Community colleges, closely connected to their communities and responsible for the toughest tasks in higher education, are subject to more change than most institutions of higher education. Providing leadership in a community college in the early years of the 21st century is like dancing with porcupines: all the challenges are prickly ones.
Here are some of the questions confronting community college leaders.
How many paradigm shifts can we manage at the same time—shifts in learning and teaching, in governance and management, in federal and state funding, in our basic mission? To what extent are these shifts the fads of the moment? If these are substantive and long-term shifts, how do we prepare our institutions, our faculties, our trustees, our communities for the changes? How do we prepare ourselves to provide leadership for these changes?
What are the limits of our mission as a college of the community? What should we emphasize? Give up? Add on? What does the community want and need? What can we afford? How far are the faculty willing to go? How far are the trustees willing to go? How far are the leaders willing to go?
What is the nature of change? Can it, should it be managed?

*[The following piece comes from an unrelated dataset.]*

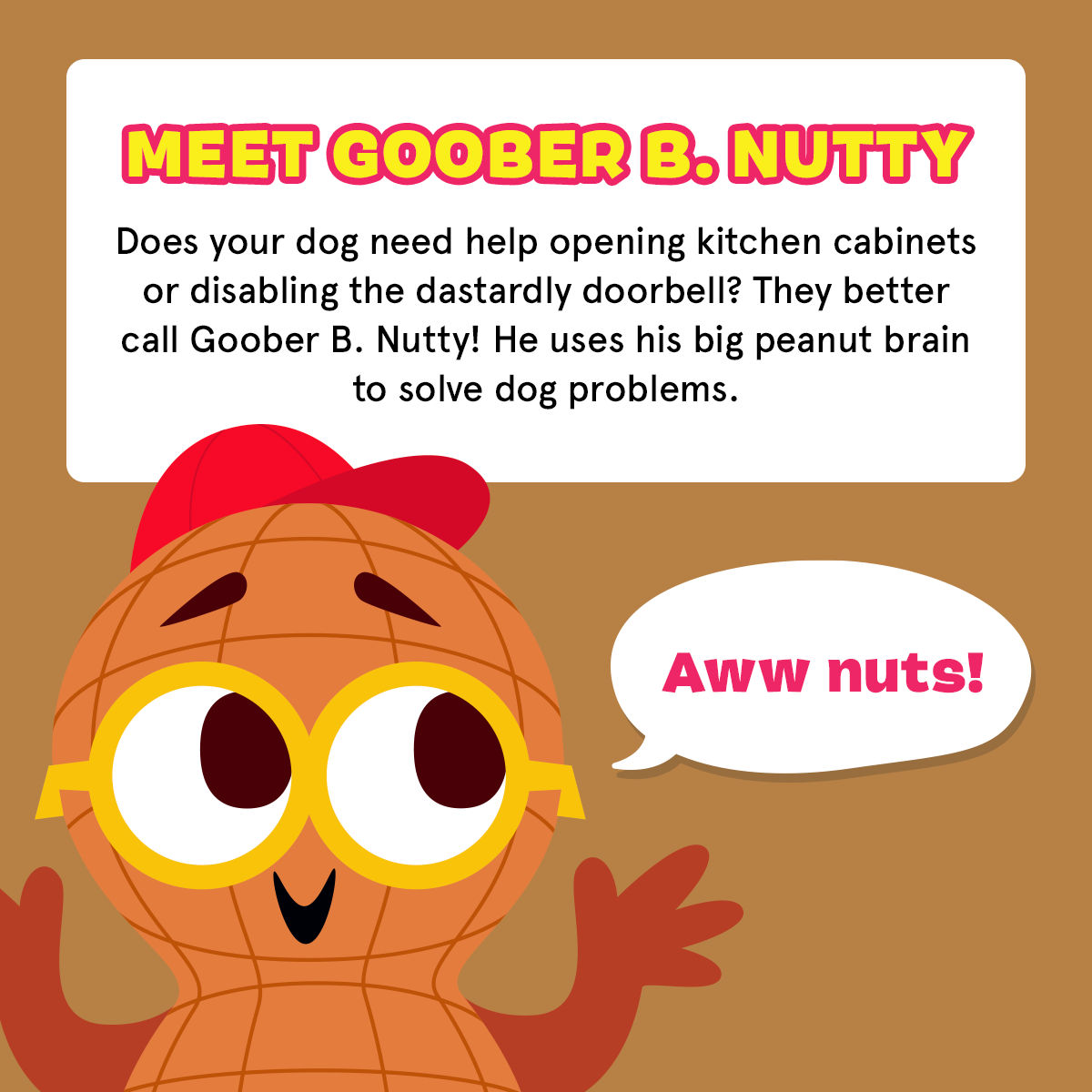 Go Nutty's™ Soft baked Dog Treats - Honey Peanut Flavor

How is today’s change connected to the change addressed yesterday and to the change to be addressed tomorrow? What are the consequences of ignoring change? How much change can an institution tolerate? Is chaos our friend?

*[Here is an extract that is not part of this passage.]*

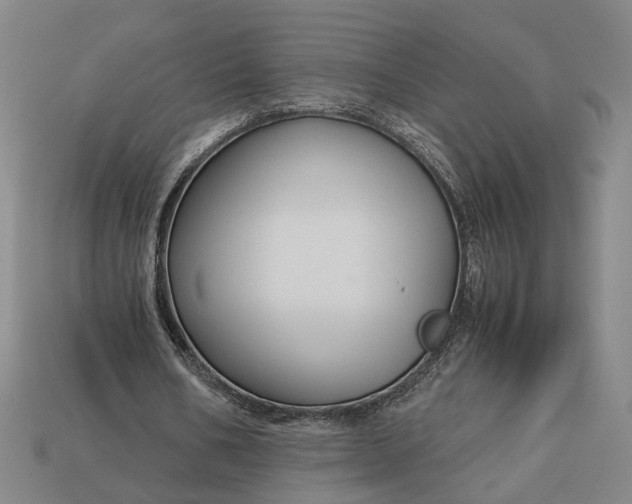 X0000112880578200909111445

How do we plan for technology, knowing that our costly equipment will be out of date in a few years? Will our faculty use the technology to improve teaching and learning in dramatic new ways or only to extend what they are already doing? Where can we find and how can we afford the expertise to help us create technology plans and staff training programs? How much should we invest in distance education? How can technology help us manage change?
How do we change the policies that limit our ability to lead change—federal and state policies, policies embedded in traditional education, policies we have created ourselves? Would we know what to do if there were suddenly no limiting policies?
How do we fund the changes? Do we become more entrepreneurial than we already are? Do we have to seek more support from the community? Do we create more beneficial alliances with business and industry?
What is our role as leaders in the political arena? Do we try to directly influence the political power base in our community, our state or province, the nation? If so, how do we do this without getting caught in the crossfire of partisan politics?
Where can we find and how do we hold on to a core leadership team to help manage the change? Where will we find program managers and department chairs to lead front-line changes? Where will we find the new faculty to replace the retirements? Where will we find the diverse faculty and staff we need?
What is the proper role of a leader in managing institutional change? What are the limits of leadership, the limits of authority, the limits of power? Who has the right, the responsibility, to summon the institution to embrace change? How do we tap into the natural needs for change that exist in all organizations? Does the leader herald change, herd change, ride change, follow change, or lie back and enjoy change?
These questions raise thorny issues for community college leaders, issues for which there are no easy answers. The instructions for dancing with porcupines have yet to be written. But the leaders of the 21st century community college have been invited to the dance, and dance they must—awkwardly or gracefully—and always very, very carefully.